A lei 11.101/05, reformada pela lei
14.112/20 ("LRF"), tem como eixo central o equilíbrio entre a
preservação da atividade econômica e a observância dos direitos dos credores.
Dentre os inúmeros temas que suscitam
controvérsias em sua aplicação prática, destaca-se a definição dos créditos
sujeitos e não sujeitos aos efeitos do processo de recuperação judicial,
especialmente nos casos que envolvem garantias fiduciárias constituídas por
terceiros, ou seja, situações em que o bem alienado fiduciariamente não integra
o patrimônio da sociedade em recuperação.
Como se sabe, o artigo 49, §3º da LRF
exclui da submissão à recuperação judicial o crédito garantido por propriedade
fiduciária. Entre os principais argumentos utilizados para afastar a submissão
do crédito fiduciário à recuperação judicial destacam-se: (i) o fato de que o
bem dado em garantia deixa de integrar o patrimônio do devedor, uma vez que sua
propriedade é transferida ao credor fiduciário no momento da constituição da
alienação; e (ii) a compreensão de que a sujeição desse crédito ao processo recuperacional
enfraqueceria a própria eficácia da garantia, comprometendo a segurança do
sistema de crédito, com potenciais impactos negativos na previsibilidade
jurídica e no aumento do spread bancário.
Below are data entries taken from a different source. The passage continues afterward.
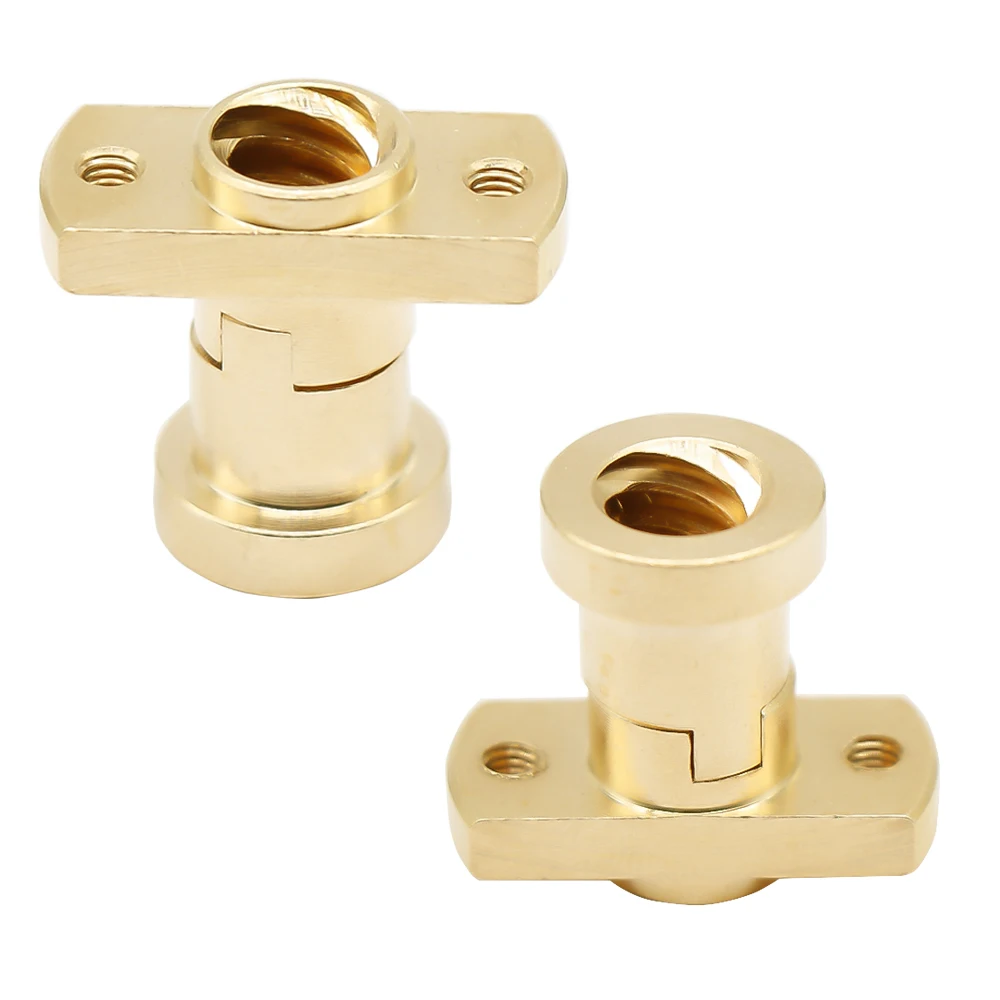 T8 Anti Backlash Spring Loaded Nut Brass Elimination Gap Nut Used To Upgrade Ender 3 CR-10 T8 Lead Screw DIY CNC 3D Printer lead screw rod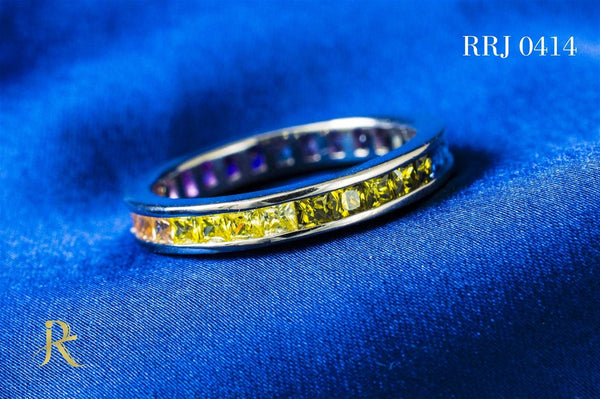 RRJ0414 Pure 925 Sterling Silver Ring - RishiRich Jewels
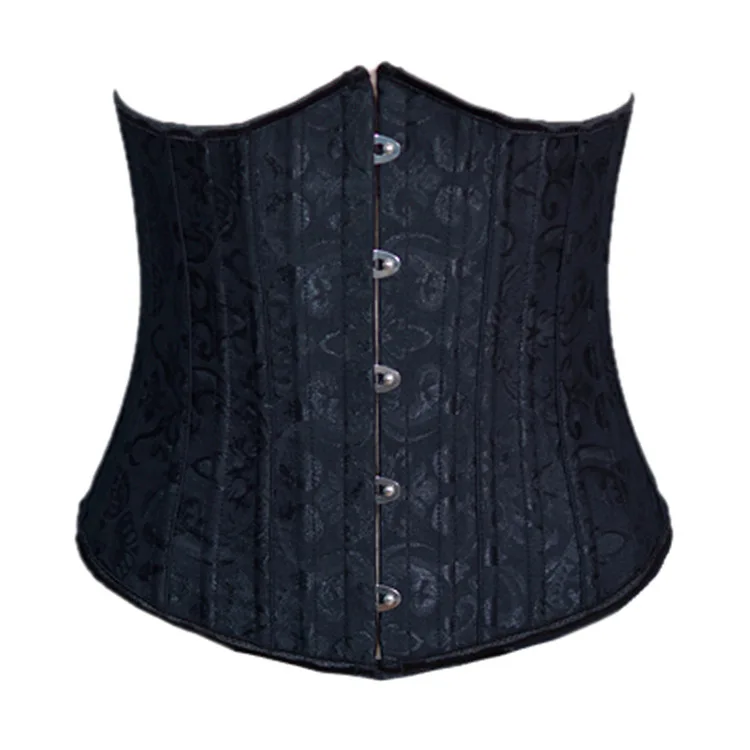 

Steel Rib Jacquard Waistband with 26 Steel Bones Corset Waist Protection Abdominal Tightening Adjustable Palace Shaped Body Suit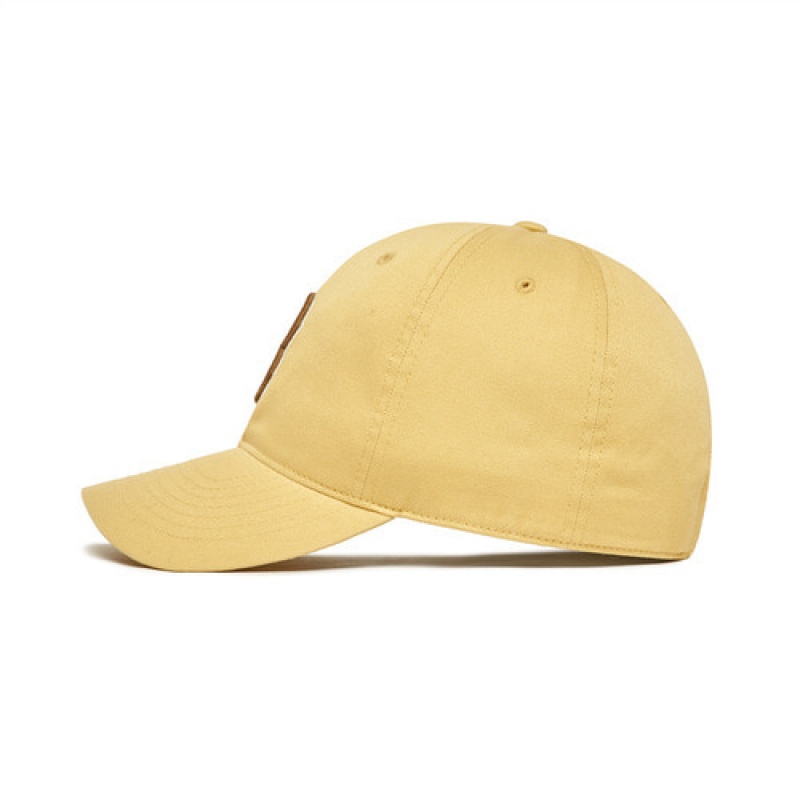 MLB N Cover Fit Slider Baseball Caps Yellow | Australia_MLB73888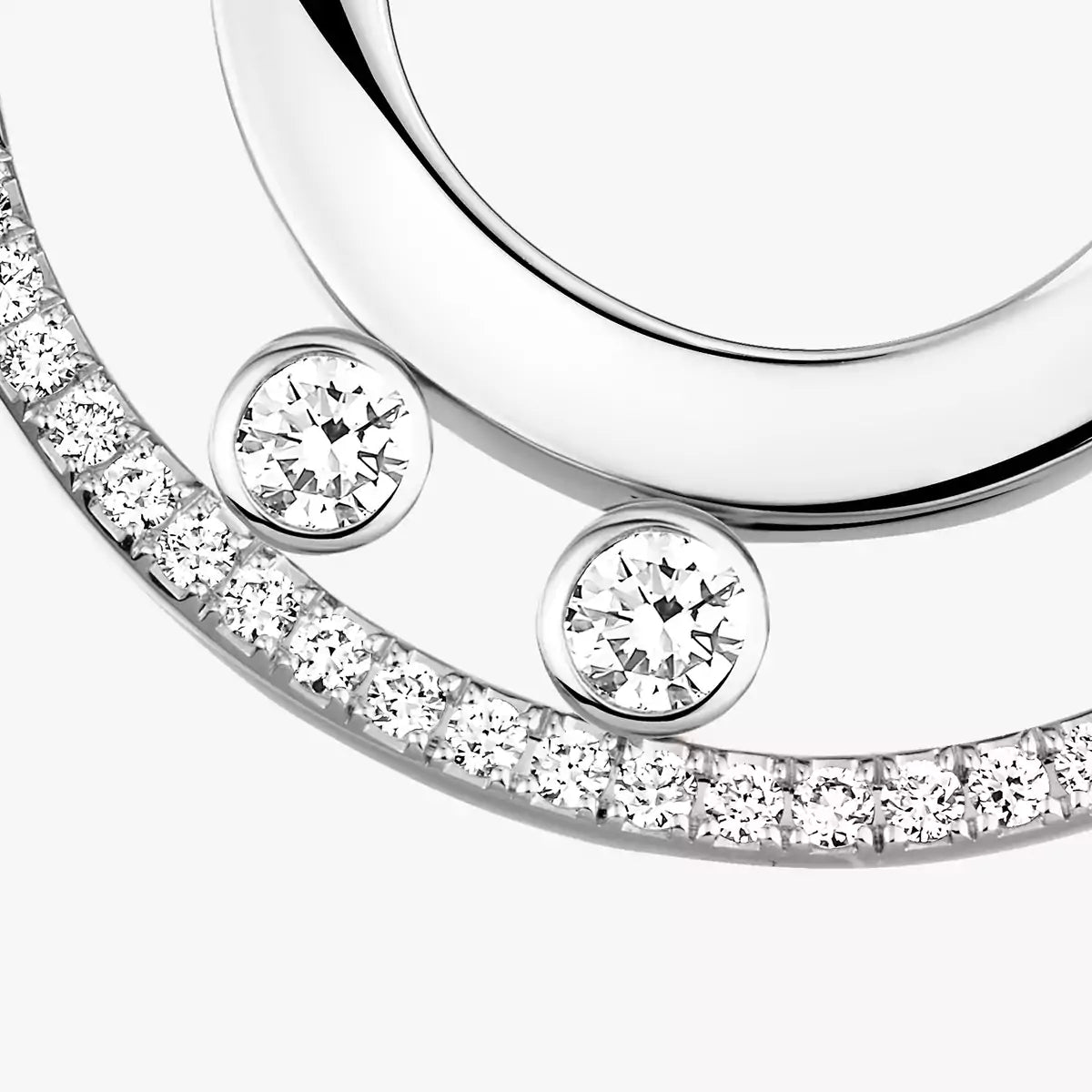 [LUXE]Move Romane Small Diamond Hoop Earrings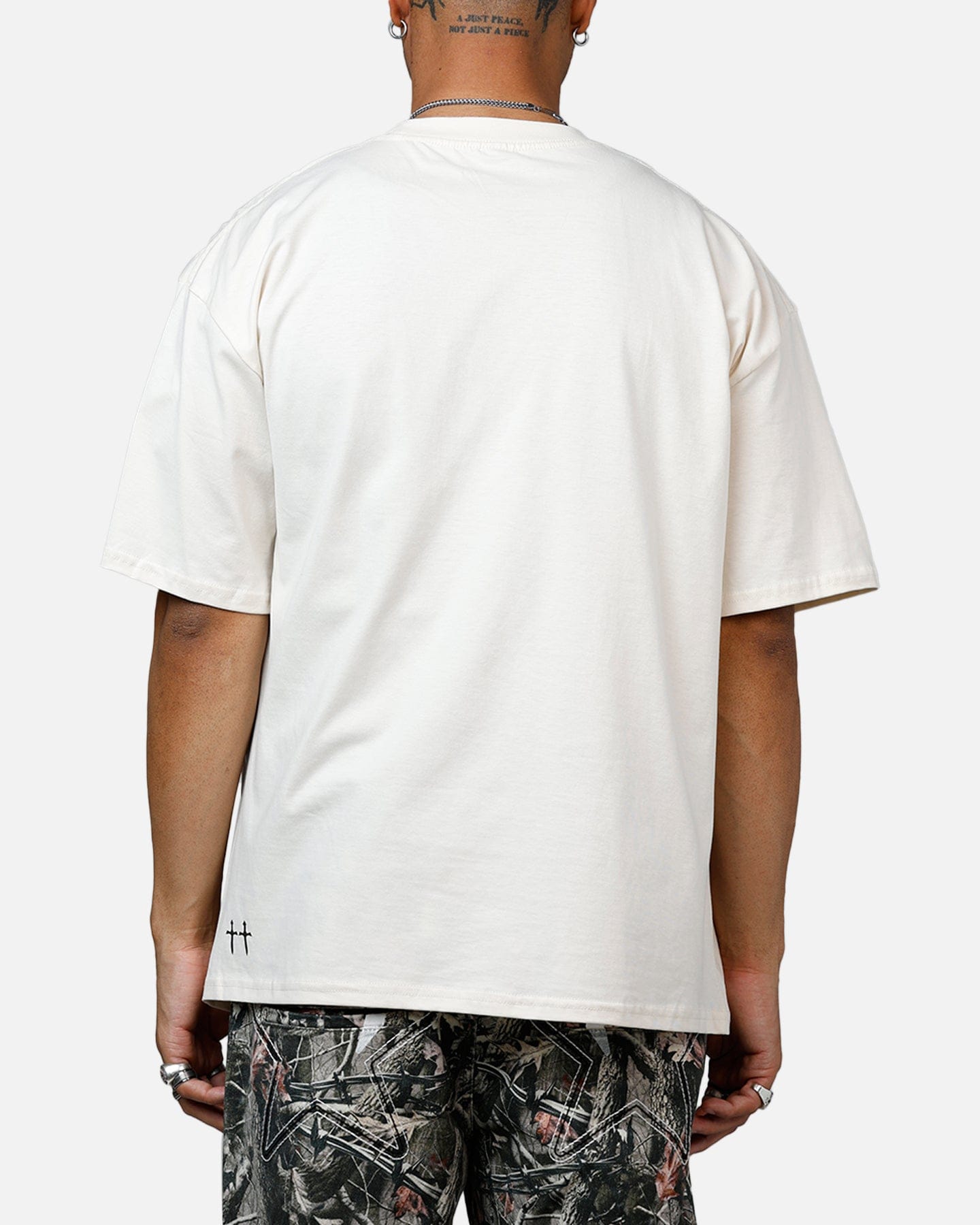 Saint Morta Black Doves Heavyweight T - Shirt Off White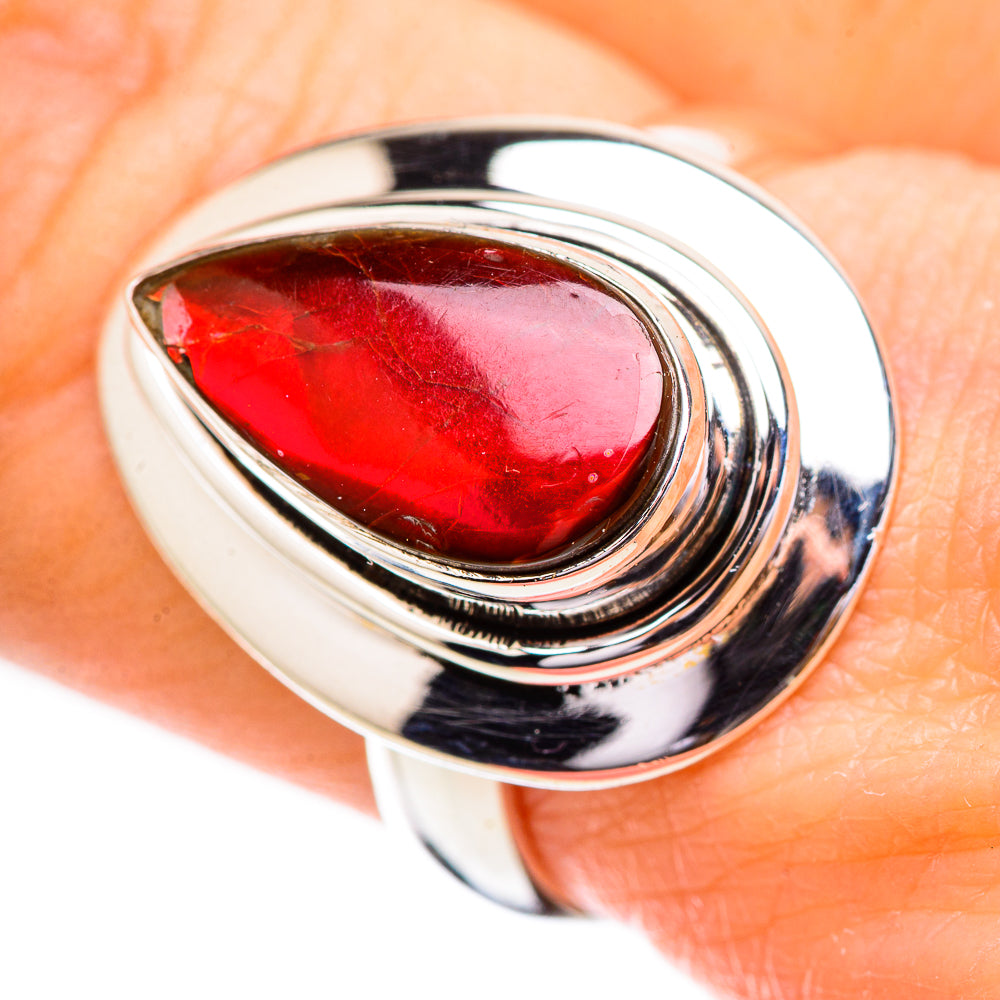 Ammolite Rings handcrafted by Anasilvercos - RING130644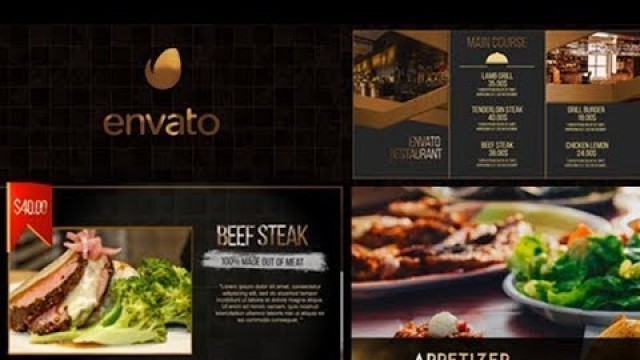 'Exclusive Restaurant Digital Menu | After Effects template'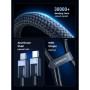 Дата кабель USB-C to USB-C 2.0m PD3.1 240W 480Mbps braided black Ugreen (75732)
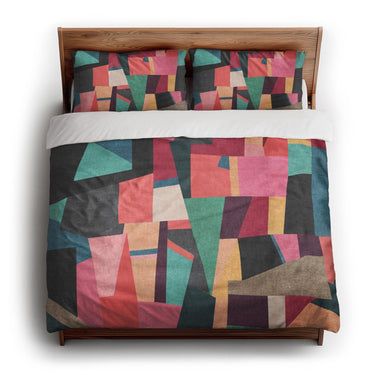 Baxter Pink Multicolor king - cotton - White Backing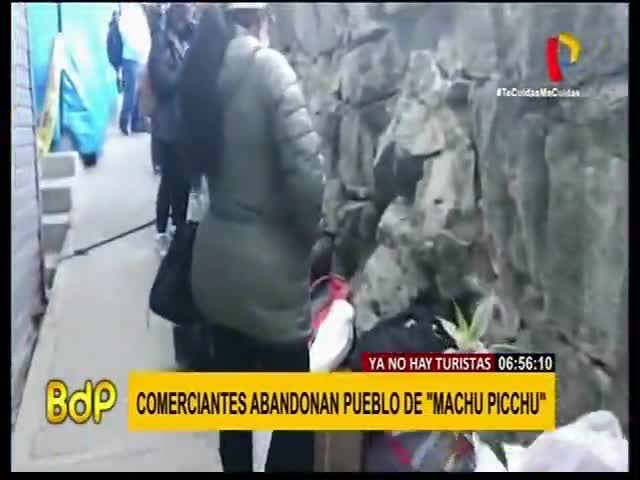 Comerciantes abandonan pueblo de Machu Picchu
Partindo do princípio de que a LRF regula
temas relacionados ao acervo patrimonial do devedor, e que, portanto, o §3º do
artigo 49 da LRF não diz respeito às garantias prestadas por terceiros,
conclui-se pela ausência de vínculo entre o bem objeto da garantia e o devedor
fiduciário, de modo que o crédito não poderia ser classificado como
extraconcursal, devendo ser tratado como crédito quirografário. No entanto,
esse não é o posicionamento adotado pelo Superior Tribunal de Justiça
("STJ"), e não há entendimento pacificado do Tribunal de Justiça de
São Paulo ("TJSP") sobre a matéria, ainda que esteja vigente o
Enunciado VI das Câmaras Reservadas de Direito Empresarial do TJSP, conforme se
verá adiante.
A jurisprudência do STJ e do TJ/SP sobre o
tema
O caso paradigmático que trata do tema é o
recurso especial nº 1.938.706/SP, julgado em 14 de setembro 2021, em que a
Terceira Turma do STJ, por unanimidade, reafirmou o entendimento fixado no
Recurso Especial nº 1.549.529/SP (julgado em 28.10.2016) no sentido de que o
crédito garantido fiduciariamente por bem de terceiro deve ser classificado
como extraconcursal, nos termos do artigo 49, § 3º, da LRF, sendo irrelevante
se o bem é de terceiro ou da empresa em recuperação, dado que o dispositivo
legal "afasta por completo dos efeitos da recuperação judicial não apenas
o bem alienado fiduciariamente, mas o próprio contrato por ele garantido."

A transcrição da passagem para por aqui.